A point $x \in X$ is $\mu$ - generic if $$\lim \frac{1}{n} \sum_{j=0}^{n-1} \delta_{T^{n}x} = \mu$$ (limit in the weak sense).
Take, for example, the following construction:
$X = \{0,1\}^{\mathbb{Z}}$ equipped with product topology and shift map $(\sigma(x))_{n\geqslant 1} = x_{n+1}$;
my question is, is there a point $x$ not generic to any $\sigma$ - invariant measure?

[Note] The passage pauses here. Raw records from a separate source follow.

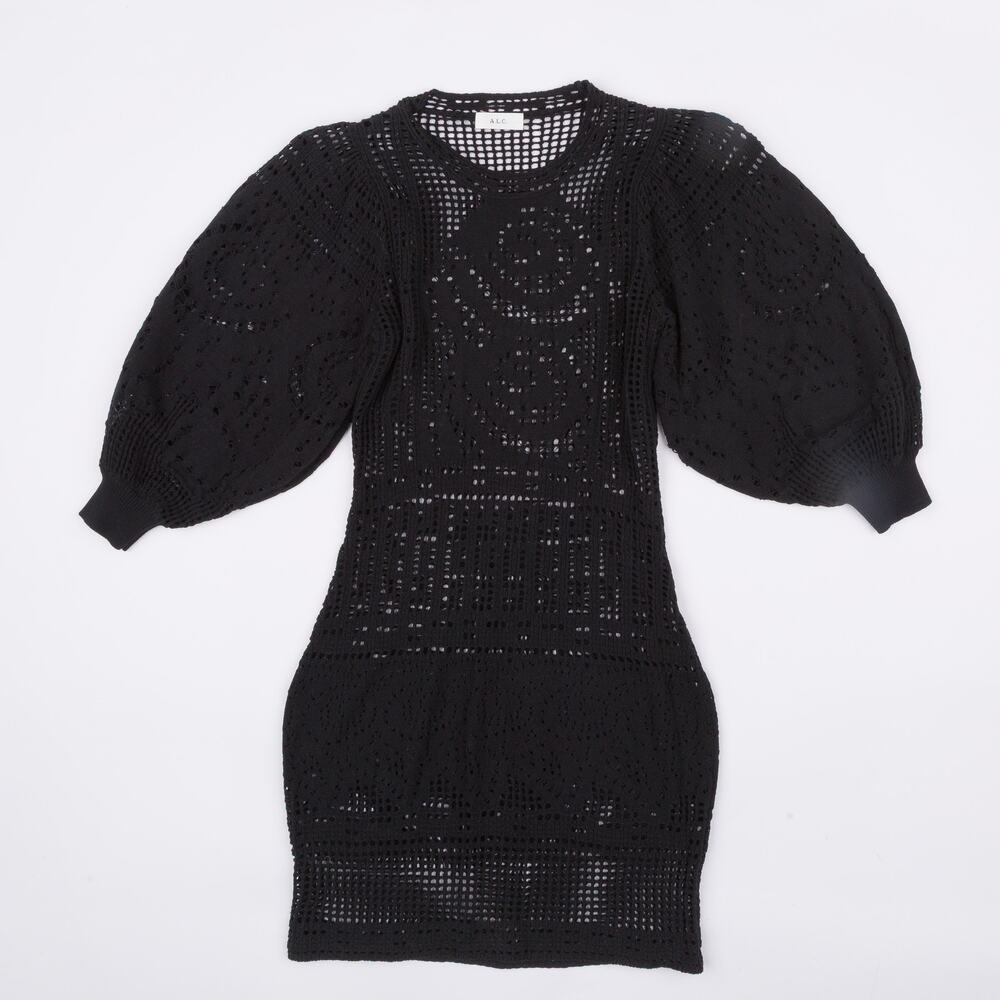 A.L.C. Black Open Knit Mini Dress Puff Sleeve Pointelle Fits approx. XS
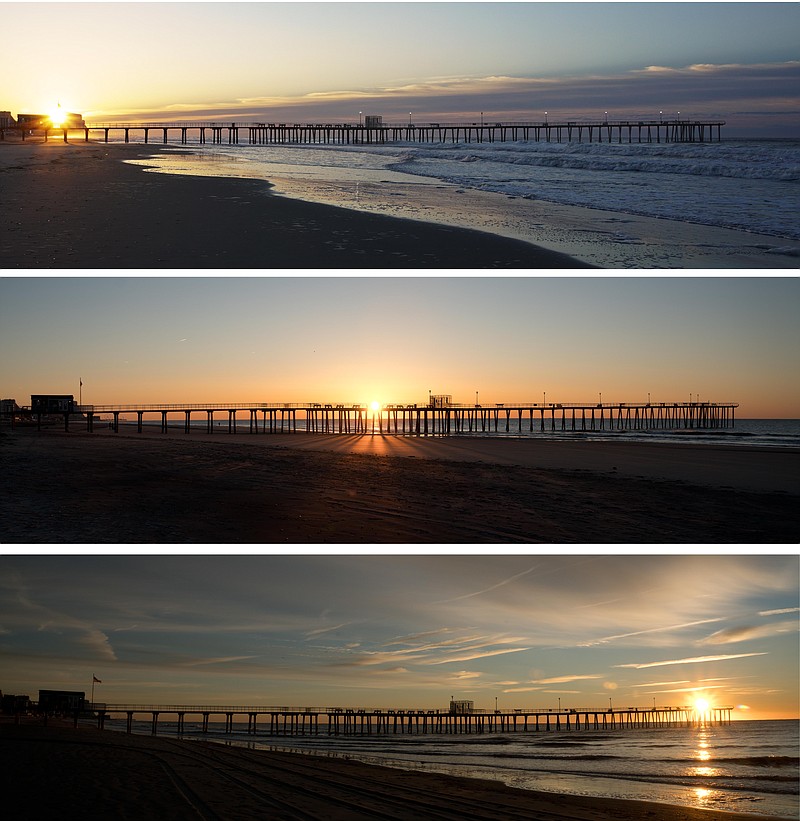 Steve Jasiecki/Using the Ventnor Fishing Pier as a measuring stick, you can see how the sun rises in different locations throughout the year.  The top image is the summer solstice in June, The middle image is the equinox in September and March, and the bottom image is the winter solstice in December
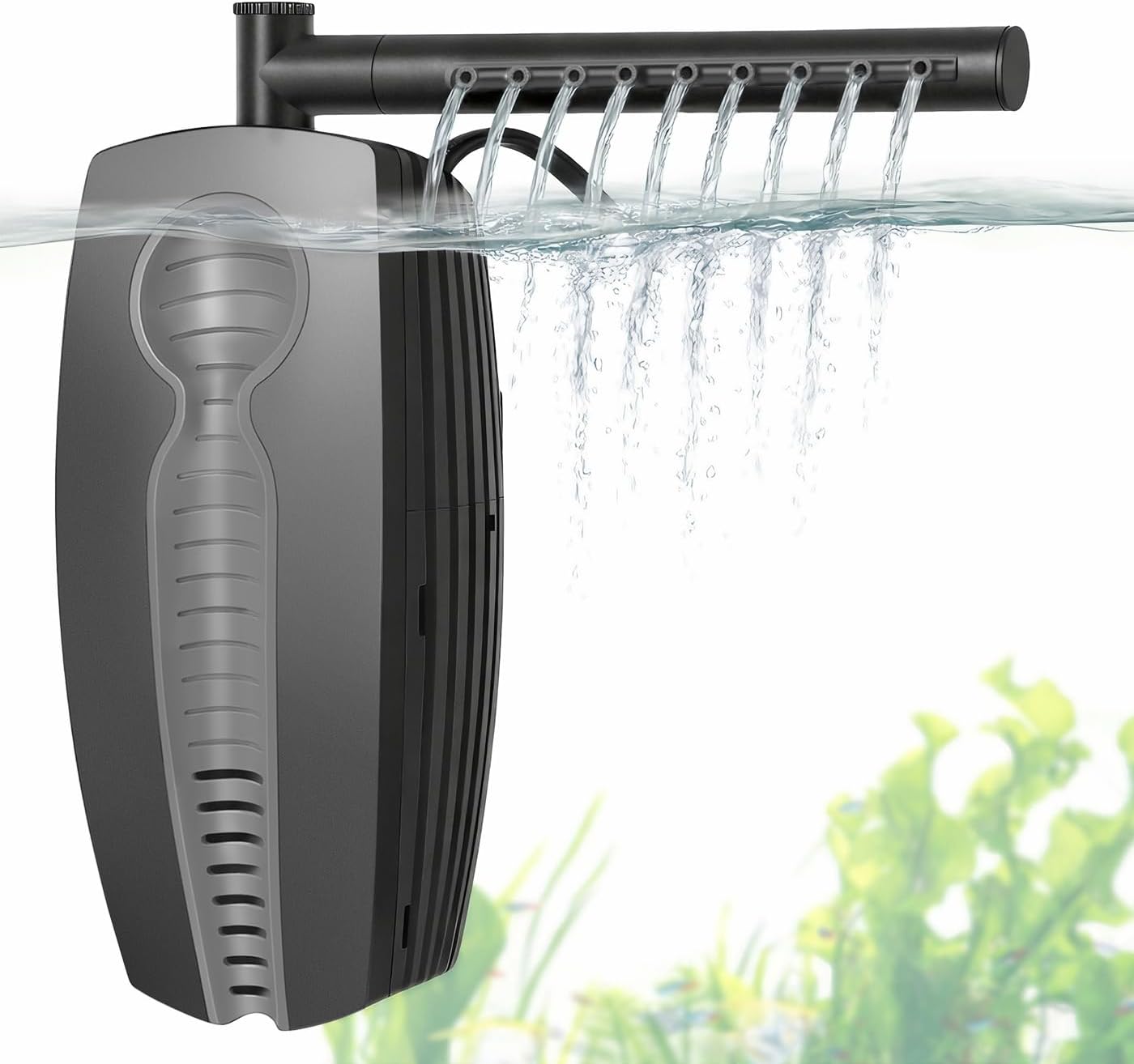 8W Adjustable Fish Tank Filter, Submersible Quiet Aquairum Internal Filter for 30L-180Litres Fish and Turtle Tank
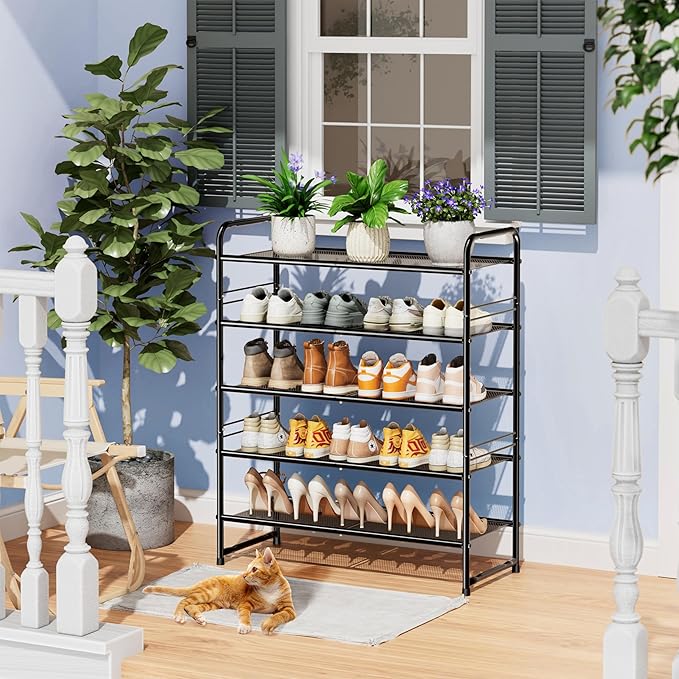 SUFAUY Shoe Rack, 5-Tier 33" Wide Shoe Storage Rack for 24-30 Pairs of Shoes, Mesh Shoe Organizer for Entryway Closet, Steel Frame, Industrial, Black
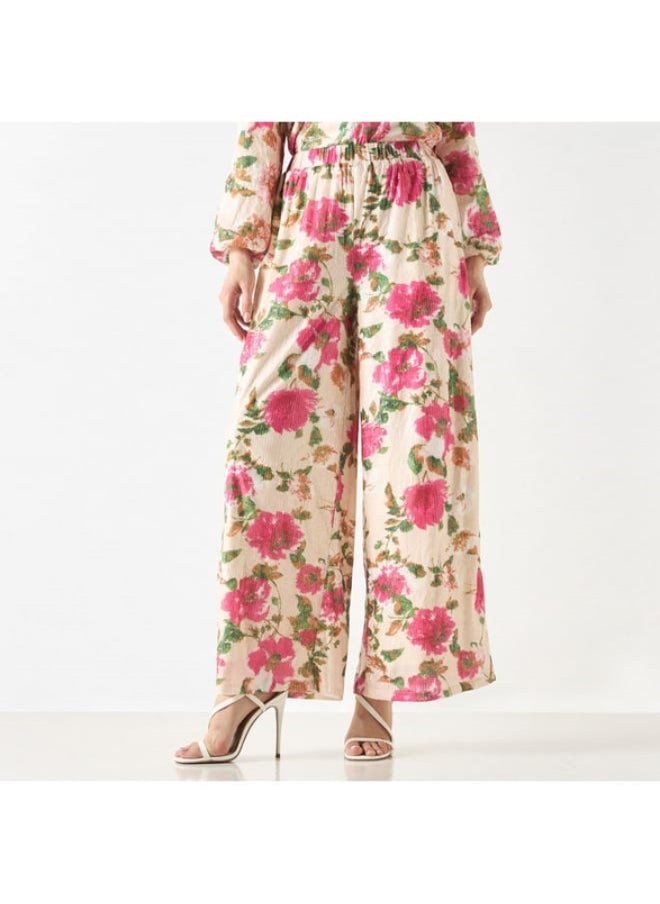 2Xtremz All-Over Floral Print Palazzo Pants with Elasticised Waistband and Pockets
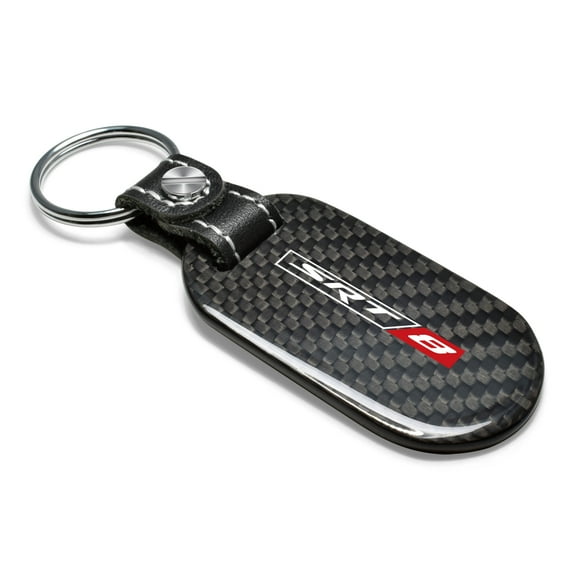 SRT-8 Logo 100% Real Carbon Fiber 3 mm Thick Tag Style Key Chain for Dodge Jeep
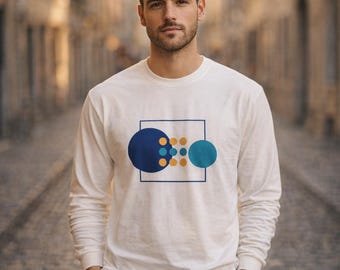 Grid Overlay Geometric Abstract Art Long Sleeve Shirt | Minimalist Graphic Long Sleeve Shirt | Architect Gift | Unisex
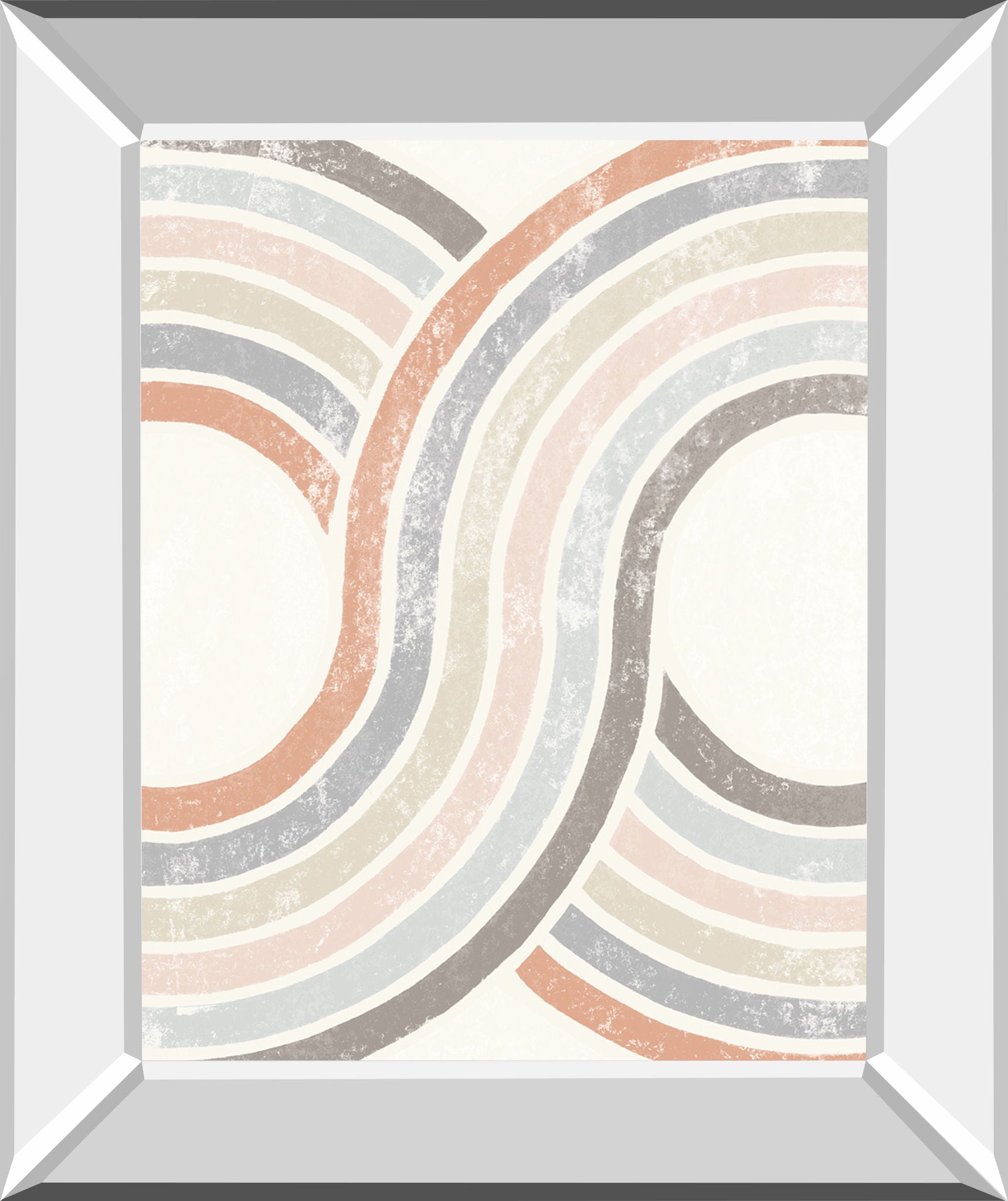 Over The Rainbow II By Moira Hershey - Mirror Framed Print Wall Art - Beige
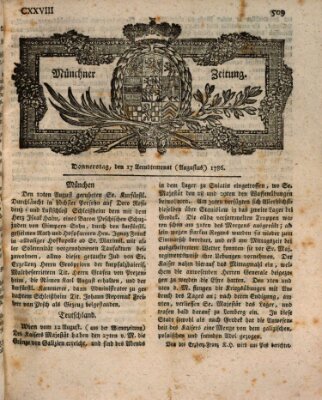 Münchner Zeitung (Süddeutsche Presse) Donnerstag 17. August 1786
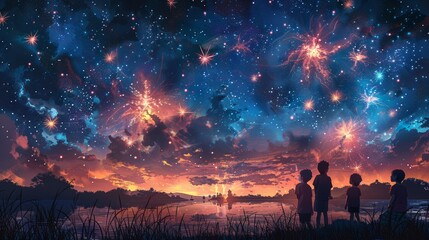 Fototapeta premium Vector art of children and their families enjoying a fireworks display at night.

My intuition says yes because you should be able to construct a sequence of $0$s and $1$s satisfying the invariant part while also choosing them so there is no convergence in the definition of a generic point. I just don't know how :-(
Take the following element of $\{0,1\}^\mathbb{N}$: $$ y=0^1 1^3 0^9 1^{27}...,$$ that is sequences of length $3^k$ of $0$ and $1$ alternatively. It's not generic for any $\mu$.
By contradiction, assume there is some shift-invariant probability measure $\mu$ for which $y$ is generic. Put $f(x)=x_0$, that is $0$ is the sequence begins with a zero, $1$ otherwise (it is continuous). Then we would have $$\mu(f)=\lim_{N\to \infty} \frac1N \sum_{k=0}^{N-1}f(T^k y),$$ but there is no limit to the proportion of 0's and 1's in $y$.
For example, if $N=\sum_{k=0}^{2p} 3^{k}$, the ratio is $$\frac1N \sum_{k=0}^{N-1}f(T^k y)=\frac{3\sum_{i=0}^{p} 9^i}{\sum_{k=0}^p 3^{k}}= 3\frac{9^{p}-1}{8}\frac{2}{3^{2p+1}-1} \to \frac14,$$ and for $N=\sum_{k=0}^{2p+1} 3^{k}$, the ratio is $$\frac1N \sum_{k=0}^{N-1}f(T^k y)=\frac{3\sum_{i=0}^{p} 9^i}{\sum_{k=0}^{2p+1} 3^{k}}=3\frac{9^{p+1}-1}{8}\frac{2}{3^{2p+2}-1}= \frac34,$$